15 It does not seem appropriate to perform CUSUM test on the residuals of OLS regression in the presence of endogeneity (Westerlund, Citation2005).

16 Since cumulative sum in CS n is replaced by moving sum in MS n , the critical values for MS n should intuitively be in the vicinity of the critical value for CS n . By this analogy, the MS n statistics do not seem to reject the null of cointegration between services sector and GDP and between services and nonservices sectors.

17 The estimates of all the models are corrected for AR(1) serial correlation using the Hildreth–Lu search procedure.

18 For a discussion on different approaches to estimating long-run relationships, see Inder (Citation1993) and Harris and Sollis (Citation2005).
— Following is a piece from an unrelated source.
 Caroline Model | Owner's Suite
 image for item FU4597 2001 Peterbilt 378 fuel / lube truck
19 The ML system estimator is useful to examine the number of cointegrating vectors and the equilibrium relationships among the model variables in a multivariate setting. The limitation of imposing, at the most, a single cointegrating vector applies only to a multivariate model, and is not relevant for the bi-variate model used in the study.
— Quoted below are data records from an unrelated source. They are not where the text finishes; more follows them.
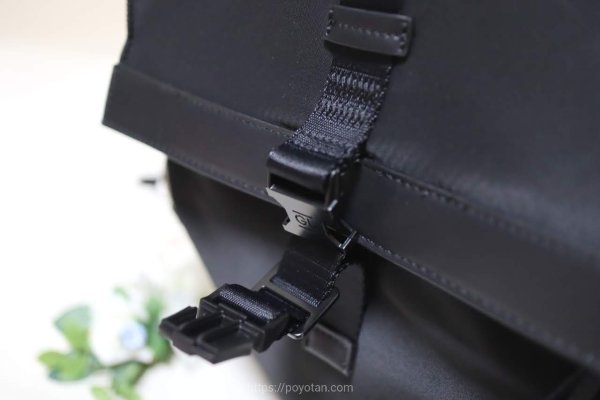 ガストンルーガ(GASTON LUGA)のRESENÄR（レセナール）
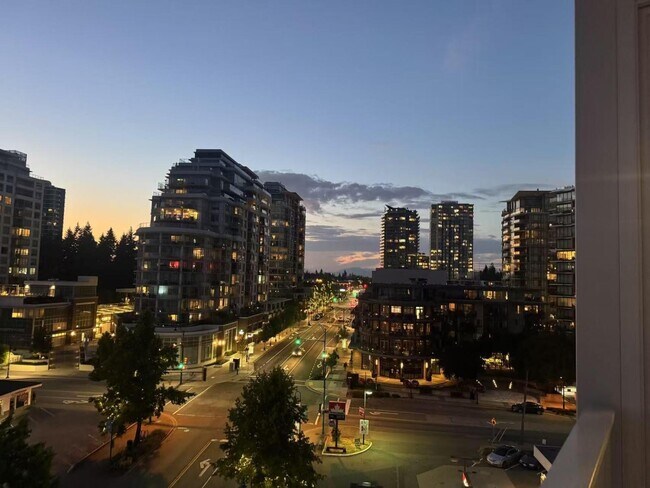 1342 Johnston Rd in White Rock, BC - Building Photo - Building Photo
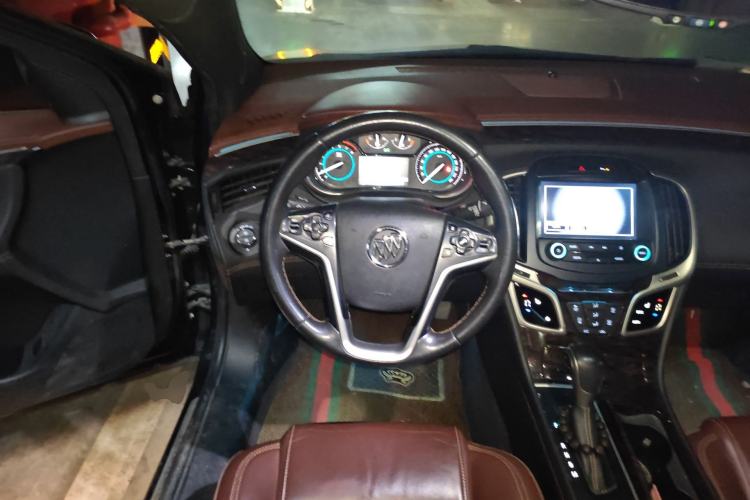 Used Buick LaCrosse 2013 2.4L SIDI Leading Comfort Version Steering Wheel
20 The univariate test statistics are based on the estimated residuals of each of the VAR equation and include three central moments of estimated residuals (SD, skewness and kurtosis), Lagrange Multiplier (LM) test (Engle, Citation1982) for Autoregressive Conditional Heteroskedasticity (ARCH) and the modified version of Shenton–Bowman test for the normality of individual residual series (Shenton and Bowman, Citation1977; Doornik and Hansen, Citation1994). The multivariate test statistics are based on estimated auto- and cross-correlations of the residuals of overall VAR system and include LM test for first and fourth-order autocorrelation (Godfrey, Citation1988) and the χ2 test for normality. The χ2 test for normality is based on the multivariate version of the univariate Shenton–Bowman test. The results of these tests are not reported to conserve space.

21 The impulse response and variance decomposition analyses decompose the determinants of endogenous variable into the innovations identified with a specific variable. If the innovations are characterized by contemporaneous correlation, then the results can be sensitive to the Cholesky ordering scheme of the system variables. The plots of the impulse response functions and the quantitative analysis in terms of variance decomposition showed consistent results across alternative ordering schemes. The results are, therefore, reported only for one-ordering scheme given by for Model I and [DlnNS, D lnS] for Model II to conserve space.
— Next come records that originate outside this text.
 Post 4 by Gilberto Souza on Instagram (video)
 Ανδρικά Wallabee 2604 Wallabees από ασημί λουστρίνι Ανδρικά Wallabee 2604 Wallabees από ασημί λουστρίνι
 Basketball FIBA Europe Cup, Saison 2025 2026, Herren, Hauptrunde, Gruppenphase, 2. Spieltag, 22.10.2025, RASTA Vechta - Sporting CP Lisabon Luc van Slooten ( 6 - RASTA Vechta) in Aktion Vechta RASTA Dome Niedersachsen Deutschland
22 In the impulse response analysis carried out for a time horizon of 20 years, the impulse responses of all the series converged to zero very fast. For a vivid depiction of graphs, the impulse response functions are plotted only for a time horizon of 10 years. The plots of the impulse response functions for a 20 year period are available from the author on request.

23 The variance decomposition shows k-step ahead forecast error variance of each variable explained by its own innovations and the innovations of other variables in the system. The forecast error variance is the sum total of the variances and covariances of all innovation series.